- _Exercise instructions_
Output exactly the lines from the one holding "Stavebnica LEGO Ninjago" through the final line of the entries.
········
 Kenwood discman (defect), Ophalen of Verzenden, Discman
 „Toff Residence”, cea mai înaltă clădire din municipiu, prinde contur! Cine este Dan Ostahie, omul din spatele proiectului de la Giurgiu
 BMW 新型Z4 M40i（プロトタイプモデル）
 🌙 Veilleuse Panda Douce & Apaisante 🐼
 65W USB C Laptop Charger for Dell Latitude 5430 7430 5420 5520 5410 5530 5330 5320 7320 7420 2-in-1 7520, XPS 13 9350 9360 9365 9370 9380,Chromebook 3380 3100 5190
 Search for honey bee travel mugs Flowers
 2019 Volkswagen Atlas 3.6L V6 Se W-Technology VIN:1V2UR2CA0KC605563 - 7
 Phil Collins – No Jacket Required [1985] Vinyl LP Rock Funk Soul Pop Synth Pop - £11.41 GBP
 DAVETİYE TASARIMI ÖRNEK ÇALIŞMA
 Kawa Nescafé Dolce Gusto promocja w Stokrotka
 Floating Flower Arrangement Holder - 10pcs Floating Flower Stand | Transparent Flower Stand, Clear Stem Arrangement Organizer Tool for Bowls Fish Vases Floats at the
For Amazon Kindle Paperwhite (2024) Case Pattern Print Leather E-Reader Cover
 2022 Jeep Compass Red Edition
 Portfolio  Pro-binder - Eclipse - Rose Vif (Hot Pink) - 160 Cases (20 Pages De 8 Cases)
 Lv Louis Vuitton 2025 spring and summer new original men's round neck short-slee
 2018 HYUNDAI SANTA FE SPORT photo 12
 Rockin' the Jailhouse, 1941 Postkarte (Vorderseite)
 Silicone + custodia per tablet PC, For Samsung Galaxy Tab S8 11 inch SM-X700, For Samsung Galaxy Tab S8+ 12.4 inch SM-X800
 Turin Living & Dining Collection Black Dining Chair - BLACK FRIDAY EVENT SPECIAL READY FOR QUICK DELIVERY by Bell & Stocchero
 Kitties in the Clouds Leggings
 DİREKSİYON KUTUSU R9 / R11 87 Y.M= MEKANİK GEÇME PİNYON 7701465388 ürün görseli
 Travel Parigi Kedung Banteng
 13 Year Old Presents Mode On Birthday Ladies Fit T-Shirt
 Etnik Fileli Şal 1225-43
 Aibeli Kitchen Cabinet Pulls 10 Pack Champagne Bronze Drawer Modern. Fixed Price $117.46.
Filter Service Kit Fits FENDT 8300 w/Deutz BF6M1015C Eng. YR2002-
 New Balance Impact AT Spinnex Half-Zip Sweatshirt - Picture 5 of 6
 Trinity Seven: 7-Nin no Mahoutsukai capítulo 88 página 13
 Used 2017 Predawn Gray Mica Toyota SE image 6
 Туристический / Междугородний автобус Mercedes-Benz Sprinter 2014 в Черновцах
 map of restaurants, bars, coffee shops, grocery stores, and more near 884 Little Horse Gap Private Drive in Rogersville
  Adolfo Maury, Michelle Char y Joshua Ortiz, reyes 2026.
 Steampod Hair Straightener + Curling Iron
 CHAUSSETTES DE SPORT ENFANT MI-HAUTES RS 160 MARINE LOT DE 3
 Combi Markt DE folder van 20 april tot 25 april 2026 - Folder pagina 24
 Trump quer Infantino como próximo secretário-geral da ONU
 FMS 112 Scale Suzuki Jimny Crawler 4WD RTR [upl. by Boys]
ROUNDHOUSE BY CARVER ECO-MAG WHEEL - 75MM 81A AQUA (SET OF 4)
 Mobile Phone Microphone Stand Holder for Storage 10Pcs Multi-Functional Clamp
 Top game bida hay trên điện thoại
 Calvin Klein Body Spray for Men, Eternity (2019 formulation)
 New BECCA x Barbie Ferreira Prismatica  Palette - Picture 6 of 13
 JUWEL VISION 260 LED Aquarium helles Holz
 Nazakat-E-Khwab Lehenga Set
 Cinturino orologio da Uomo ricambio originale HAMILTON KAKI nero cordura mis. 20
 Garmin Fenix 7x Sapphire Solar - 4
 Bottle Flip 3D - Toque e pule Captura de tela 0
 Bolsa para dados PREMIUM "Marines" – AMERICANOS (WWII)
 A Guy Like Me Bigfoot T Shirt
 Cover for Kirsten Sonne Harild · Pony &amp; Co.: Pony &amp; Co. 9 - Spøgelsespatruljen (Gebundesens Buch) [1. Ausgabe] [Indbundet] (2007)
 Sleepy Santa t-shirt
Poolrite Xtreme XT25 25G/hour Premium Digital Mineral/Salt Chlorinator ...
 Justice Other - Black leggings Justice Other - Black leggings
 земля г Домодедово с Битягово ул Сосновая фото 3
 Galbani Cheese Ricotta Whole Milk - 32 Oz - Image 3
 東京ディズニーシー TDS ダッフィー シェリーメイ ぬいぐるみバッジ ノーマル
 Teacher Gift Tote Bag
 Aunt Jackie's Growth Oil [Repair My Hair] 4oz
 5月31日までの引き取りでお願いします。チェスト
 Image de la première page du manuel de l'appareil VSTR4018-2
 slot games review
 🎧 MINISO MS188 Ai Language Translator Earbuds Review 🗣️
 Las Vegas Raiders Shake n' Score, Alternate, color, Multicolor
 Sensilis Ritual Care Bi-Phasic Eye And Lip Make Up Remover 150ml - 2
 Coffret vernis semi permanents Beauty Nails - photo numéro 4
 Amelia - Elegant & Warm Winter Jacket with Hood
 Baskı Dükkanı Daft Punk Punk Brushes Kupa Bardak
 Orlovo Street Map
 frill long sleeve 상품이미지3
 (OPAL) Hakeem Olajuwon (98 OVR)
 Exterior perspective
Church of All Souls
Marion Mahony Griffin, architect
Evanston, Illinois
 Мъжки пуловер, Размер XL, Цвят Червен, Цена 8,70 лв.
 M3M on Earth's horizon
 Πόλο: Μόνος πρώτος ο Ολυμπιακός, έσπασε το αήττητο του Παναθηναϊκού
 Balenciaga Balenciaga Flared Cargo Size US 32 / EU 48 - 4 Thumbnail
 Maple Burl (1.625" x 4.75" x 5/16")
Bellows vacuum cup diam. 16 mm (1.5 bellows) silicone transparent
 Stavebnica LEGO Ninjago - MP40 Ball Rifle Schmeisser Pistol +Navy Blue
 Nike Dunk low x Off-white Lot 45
········
- _Solution to this task_
 Stavebnica LEGO Ninjago - MP40 Ball Rifle Schmeisser Pistol +Navy Blue
 Nike Dunk low x Off-white Lot 45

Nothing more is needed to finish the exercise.